- Opening Delimiter -

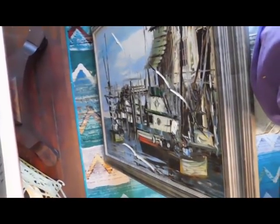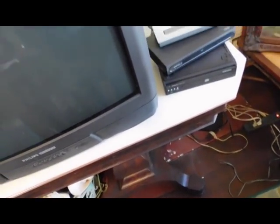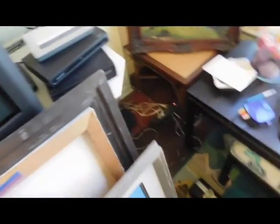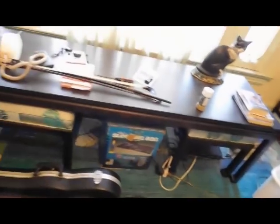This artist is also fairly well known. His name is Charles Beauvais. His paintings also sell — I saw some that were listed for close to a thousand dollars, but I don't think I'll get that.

- Closing Delimiter -
- Opening Delimiter -

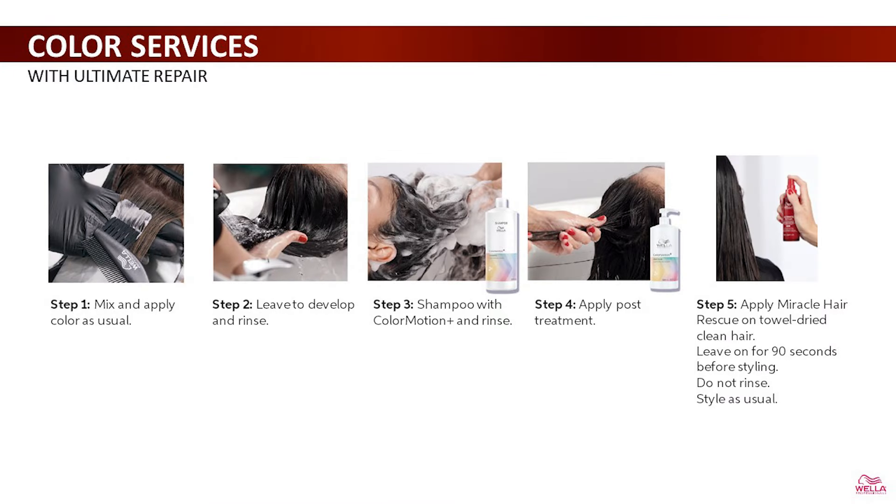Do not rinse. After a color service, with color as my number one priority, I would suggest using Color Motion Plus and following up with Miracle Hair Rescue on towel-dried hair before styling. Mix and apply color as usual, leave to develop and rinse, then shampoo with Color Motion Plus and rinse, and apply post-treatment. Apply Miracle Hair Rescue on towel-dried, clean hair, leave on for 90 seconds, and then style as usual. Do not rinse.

- Closing Delimiter -
- Opening Delimiter -

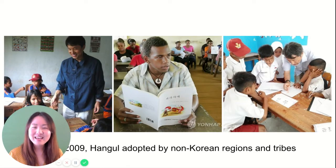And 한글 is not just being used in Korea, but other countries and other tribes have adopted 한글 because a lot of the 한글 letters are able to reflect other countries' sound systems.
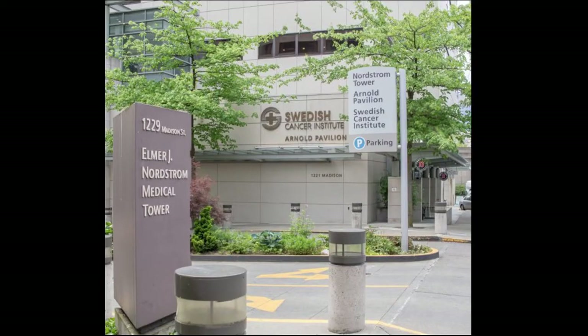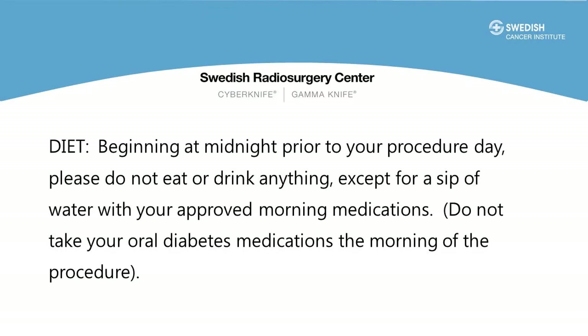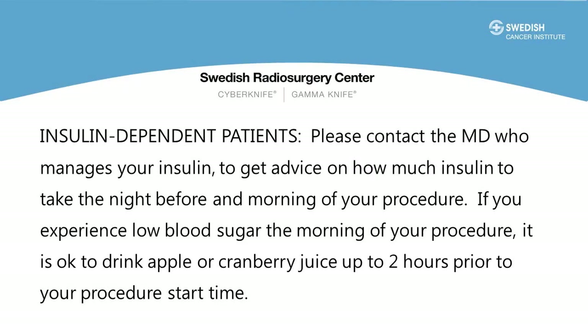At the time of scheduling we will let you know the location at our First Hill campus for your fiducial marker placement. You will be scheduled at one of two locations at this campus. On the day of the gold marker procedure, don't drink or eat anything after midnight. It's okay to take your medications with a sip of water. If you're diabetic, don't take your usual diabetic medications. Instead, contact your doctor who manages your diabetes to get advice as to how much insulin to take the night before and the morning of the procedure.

- Closing Delimiter -

[Exercise] Reproduce the records above exactly, but only from the line with "And 한글 is not" up to and including the line with "At the time". Leave the pictures out.

[Completed task]
And 한글 is not just being used in Korea, but other countries and other tribes have adopted 한글 because a lot of the 한글 letters are able to reflect other countries' sound systems.
At the time of scheduling we will let you know the location at our First Hill campus for your fiducial marker placement. You will be scheduled at one of two locations at this campus. On the day of the gold marker procedure, don't drink or eat anything after midnight. It's okay to take your medications with a sip of water. If you're diabetic, don't take your usual diabetic medications. Instead, contact your doctor who manages your diabetes to get advice as to how much insulin to take the night before and the morning of the procedure.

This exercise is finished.